The Huron River was a commercial port for years. Fish, ore and coal boats were the only marine activity coming and going, with an occasional small boat for recreation using the harbor. The first organized yachting activities started in the early 1930s when the Southern Lake Erie Star Fleet held two races a season, off the old Harbor Pier, the race course extending to the west of the pier. The first race was in May and the last in October. During those years, several regattas were organized and more or less sponsored by the old Chamber of Commerce. Several classes of sailboats from ports along the south shore raced, and a few powerboats took part in a “bang-go-back” race. The Coast Guard would send one of the large cutters and it would be used as a committee boat. There was no formal yachting organization. Several merchants donated trophies and prizes, one of which, the Roswurm Trophy, was still being raced for by the SLE Star Fleet as recently as 1976. However, in recent years the Roswurm Race has been held in Vermillion.
The late 1930s and 1940s saw the establishment of marinas on the Huron River, devoted to pleasure craft, one of which was “The Boat Harbor” managed by Joe Weingart and owned by Paul Stephens. By the early 1 950s, most of the pleasure craft on the river were moored north of the bridge, and the Huron River was well on its way as a port for large numbers of non-commercial boats.
I purchased my first Lyman in 1952 and docked it at the “Boat Harbor Many of the boat owners were interested in establishing a formal organization, but some were afraid they might lose a dock at the “Harbor” if a yacht club took charge of the facilities. The summers of 1953 and 1954 saw many conversations about the desirability of a yacht club, but nothing came of it until late summer of 1955. I had many talks with Joe Weingart that summer and one day, late in August of 1955, we asked a number of people to meet and lay plans for an organization.

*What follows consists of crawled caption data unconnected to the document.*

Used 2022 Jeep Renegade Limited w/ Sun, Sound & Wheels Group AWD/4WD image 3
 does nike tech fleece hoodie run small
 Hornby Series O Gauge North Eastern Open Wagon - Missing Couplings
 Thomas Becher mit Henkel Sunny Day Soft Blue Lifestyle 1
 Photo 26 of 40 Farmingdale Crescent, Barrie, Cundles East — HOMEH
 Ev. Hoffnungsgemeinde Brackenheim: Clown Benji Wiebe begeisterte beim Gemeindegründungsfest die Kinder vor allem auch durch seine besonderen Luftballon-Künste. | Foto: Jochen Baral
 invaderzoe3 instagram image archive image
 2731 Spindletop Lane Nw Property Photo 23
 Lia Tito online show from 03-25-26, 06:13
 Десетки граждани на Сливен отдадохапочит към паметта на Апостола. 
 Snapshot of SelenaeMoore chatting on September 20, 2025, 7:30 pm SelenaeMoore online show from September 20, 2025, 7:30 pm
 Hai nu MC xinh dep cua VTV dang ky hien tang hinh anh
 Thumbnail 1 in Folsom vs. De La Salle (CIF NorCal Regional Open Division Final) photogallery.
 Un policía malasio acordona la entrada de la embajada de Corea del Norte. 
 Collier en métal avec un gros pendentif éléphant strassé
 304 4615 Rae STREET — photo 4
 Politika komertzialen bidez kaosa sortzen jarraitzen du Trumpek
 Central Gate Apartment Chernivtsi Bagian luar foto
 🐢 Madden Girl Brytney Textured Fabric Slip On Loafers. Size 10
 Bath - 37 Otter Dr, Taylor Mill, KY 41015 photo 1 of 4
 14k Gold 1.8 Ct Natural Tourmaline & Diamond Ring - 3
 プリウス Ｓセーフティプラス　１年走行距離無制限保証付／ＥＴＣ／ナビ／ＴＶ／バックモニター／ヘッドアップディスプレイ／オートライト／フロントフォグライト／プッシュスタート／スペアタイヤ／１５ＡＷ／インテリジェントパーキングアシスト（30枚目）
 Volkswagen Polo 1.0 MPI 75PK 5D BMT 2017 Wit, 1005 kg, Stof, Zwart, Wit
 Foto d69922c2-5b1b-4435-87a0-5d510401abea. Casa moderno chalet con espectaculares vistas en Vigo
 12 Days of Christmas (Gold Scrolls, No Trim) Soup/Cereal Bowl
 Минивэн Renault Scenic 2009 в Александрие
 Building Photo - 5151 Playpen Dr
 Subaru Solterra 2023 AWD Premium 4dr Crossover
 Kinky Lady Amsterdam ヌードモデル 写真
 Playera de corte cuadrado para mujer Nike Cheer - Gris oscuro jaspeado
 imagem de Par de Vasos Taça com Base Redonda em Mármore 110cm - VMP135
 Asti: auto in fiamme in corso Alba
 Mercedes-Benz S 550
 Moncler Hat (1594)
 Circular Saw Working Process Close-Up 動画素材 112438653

We met at the “Boat Harbor’s” sandwich bar (three stools), but only a handful showed up. The result of that meeting was that we would incorporate the name “Huron Yacht Club”, publish the fact of its existence, and invite people to join. At that point, none of us knew how to go about it, so a quick phone call to Nick Catri was made, who was the city solicitor at the time. Nick laughed when I called and said he would do it for $25.00. Five of us kicked in $5.00 a piece and one day in October 1955, I received a Certificate of Incorporation from the State of Ohio. That certificate still hangs on the wall of the club. Joe Weingart, John Wade, Al Cawrse, Jack Dutt and myself being the incorporators. Now we had a club, but only five members. We called a meeting and something like 15 or 20 people came. It was obvious that we had problems on our hands. We had to have a home, money to pay for a home, members to furnish the money, and a formal constitution and bylaws to make it a viable organization. The first decision was to charge $10.00 a year dues and $10.00 to join for a kitty. Joe and Paul came up with an offer to rent the front part of the building as a club house, and they would use the back part (now the bar) for the business, and following year would move over to a building on the north side of the lot, which they did. The rent was nominal and based on 100 members, a point we didn’t reach for several years. I obtained copies of the constitutions and by-laws of several yacht clubs along the lake, and using those, we drew up a formal constitution and by-laws which were accepted at our next meeting. Some changes have been made since then, but those documents should be reviewed as they were written by rank amateurs.
I was elected as the first Commodore, mainly by default, as none of us knew exactly what to do. Al Cawrse was Vice-Commodore. We were underway, leaky at the seams and sadly undermanned. That winter we decided it would be a family club and liquor on the boats only! When we moved into the back part of the building, we built small bottle lockers, with strict rules about using the back part only for drinking, as so many children were around. Several years went by before a liquor license was obtained and the present bar developed. Our first parties were family potluck suppers and occasional Saturday night dances. The first big formal social gathering was the Commodore’s Ball early in the summer of 1956, which became a yearly event.
The early years saw many changes in the building. The front part was used for meetings and sandwiches. The bar was finally established and decorated. The patio was enclosed and what is now the dining room was enlarged. Members would volunteer and keep the club open during all lay-up and spring outfitting, selling sandwiches, coffee, soft drinks, etc.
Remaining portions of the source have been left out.